[Data to process]
○ ○ ○ ○ ○ ○ ○

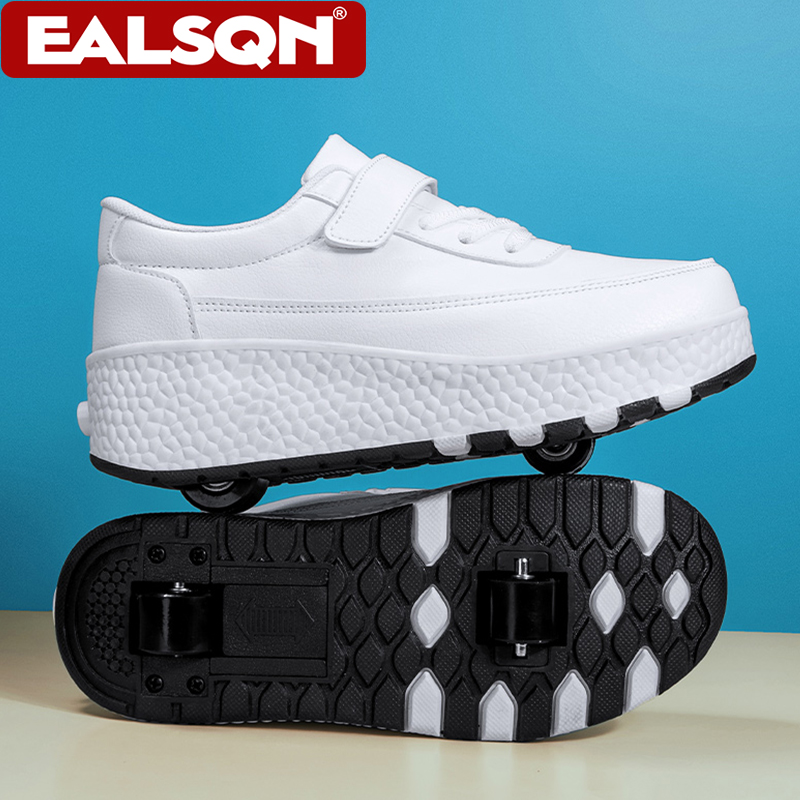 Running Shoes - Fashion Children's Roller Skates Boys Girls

○ ○ ○ ○ ○ ○ ○

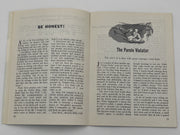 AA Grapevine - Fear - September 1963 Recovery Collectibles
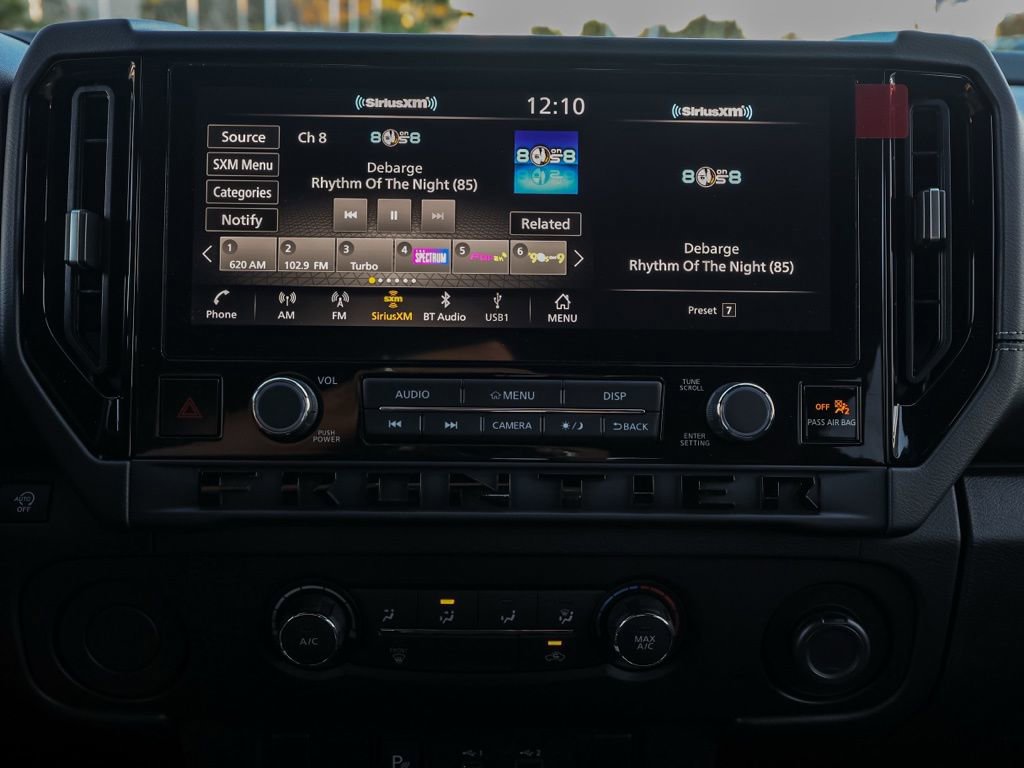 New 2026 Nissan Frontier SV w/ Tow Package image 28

○ ○ ○ ○ ○ ○ ○

[Description of the task] Each line between the one holding "AA Grapevine - Fear" and the one holding "New 2026 Nissan", inclusive, should be copied exactly as it appears above, and pictures should be omitted.

[Written response]
 AA Grapevine - Fear - September 1963 Recovery Collectibles
 New 2026 Nissan Frontier SV w/ Tow Package image 28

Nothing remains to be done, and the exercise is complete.